Margaret Wilkerson Sexton's debut novel  A Kind of Freedom (Berkeley: Counterpoint 2017) did receive more than a demitasse of acclaim.  It was a 2017 National Book Award Nominee, a New York Times Notable Book of 2017, and a New York Times Book Editor's Choice, a choice commended for shining "an unflinching, compassionate light on three generations of a black family in New Orleans, emphasizing endurance more than damage."  The critical gods and goddesses who cavort in public discussions of fiction can only ensure that we know titles.  Praise alone does not persuade us to read novels.  Word of mouth, the innocent gossip that circulates among select groups of African American and American readers, is often more effective in tantalizing us to read a novel.  As the Tricentennial celebrations of the Crescent City  move forward, one hears virtually nothing about A Kind of Freedom.  Nor does one find it on the shelves of local favorites at Barnes and Noble in Metairie.  Fate is as quirky as the city that care forgot.  What occupies the space where Sexton's novel should be is Jesmyn Ward's justly celebrated Sing, Unbound, Sing, winner of the 2018 National Book Award for Fiction, an import from Mississippi.

Sexton is not alone in being overshadowed by fate.  In the United States it is estimated that more than 400,000 works of fiction are published yearly, and Fatima Shaik, a talented native daughter of New Orleans, also sits in the shadows of a golden time of day in the Seventh Ward.  Shaik's The Mayor of New Orleans: Just Talking Jazz (Berkeley: Creative Arts Book, 1989) and What Went Missing and What Got Found: Stories (New Orleans: Xavier Review Press, 2015) are candidates for recognition in our rituals of remembering what black New Orleans has contributed to the republic of American letters.  There will be more to remember when Maurice Carlos Ruffin's first novel We Cast a Shadow is published in 2019.

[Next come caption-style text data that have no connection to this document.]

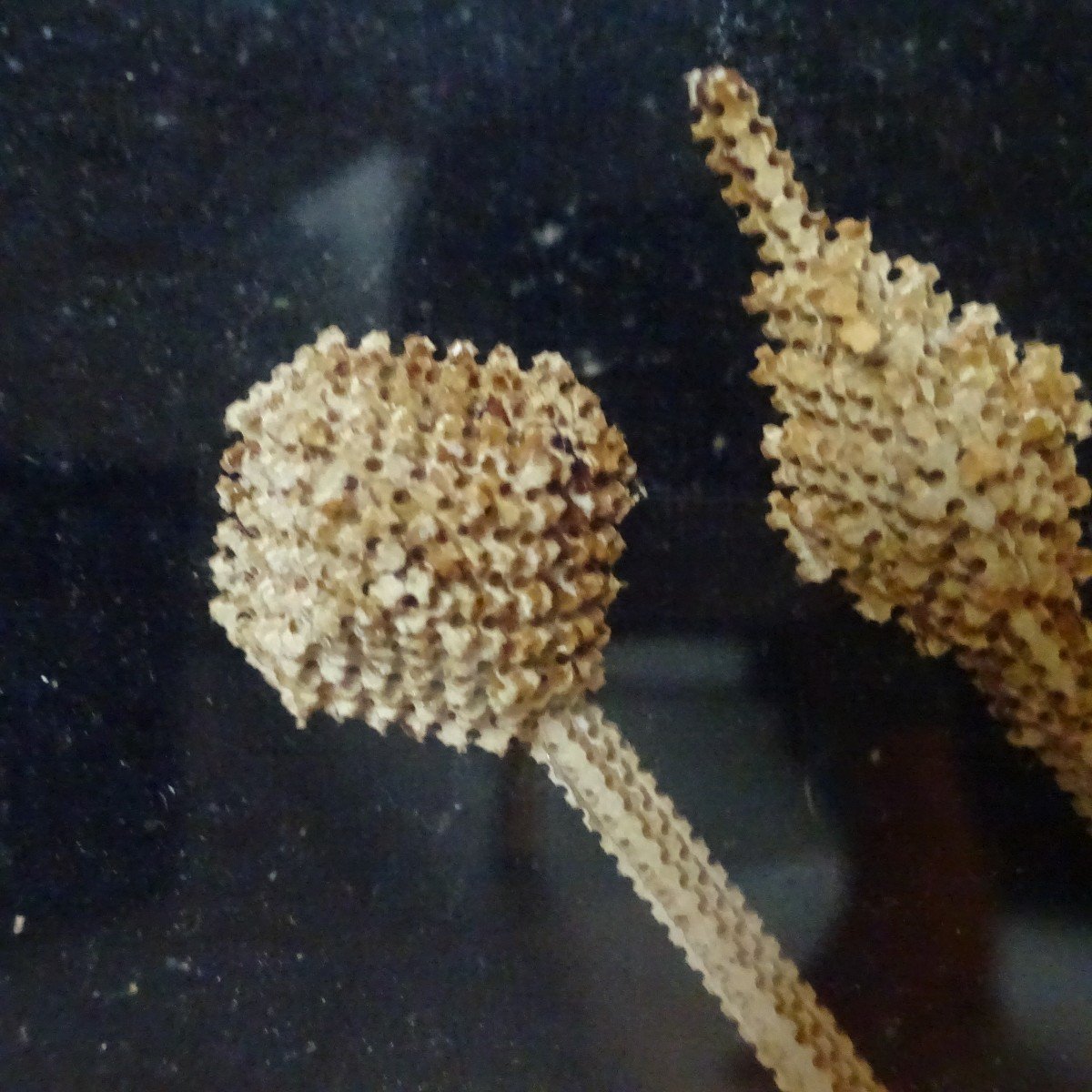 Single Piece Lace, Arma Christi And Paperolles-photo-1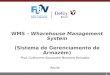 1 Prof. Guilherme Alexandre Monteiro Reinaldo Recife WMS – Wharehouse Management System (Sistema de Gerenciamento de Armazém)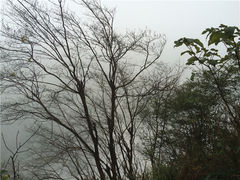 -崀山风景名胜区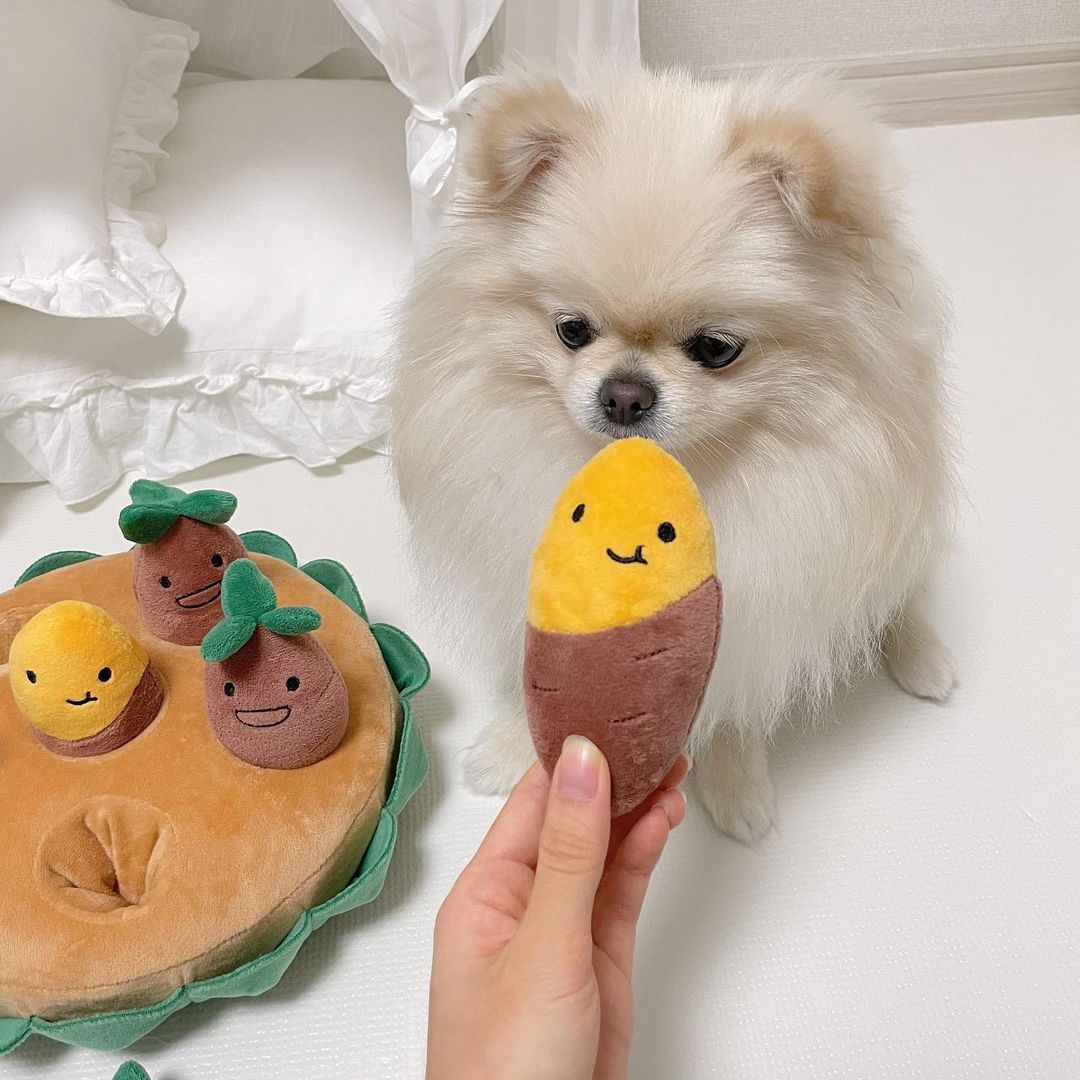 犬用さつまいも掘りおもちゃ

Perhaps in the near future if New Orleans becomes as assertive in promoting local literacy as it is in manufacturing disaster for tourist consumption, Sexton, Shaik, and Ruffin will become familiar names in Treme and other wards of our city and in our public schools, where students can learn that achievement is not a cluster of tantalizing grapes.  The "perhaps" depends on our doing the necessary cultural work and forcing New York-flavored fate to sit in the shadows.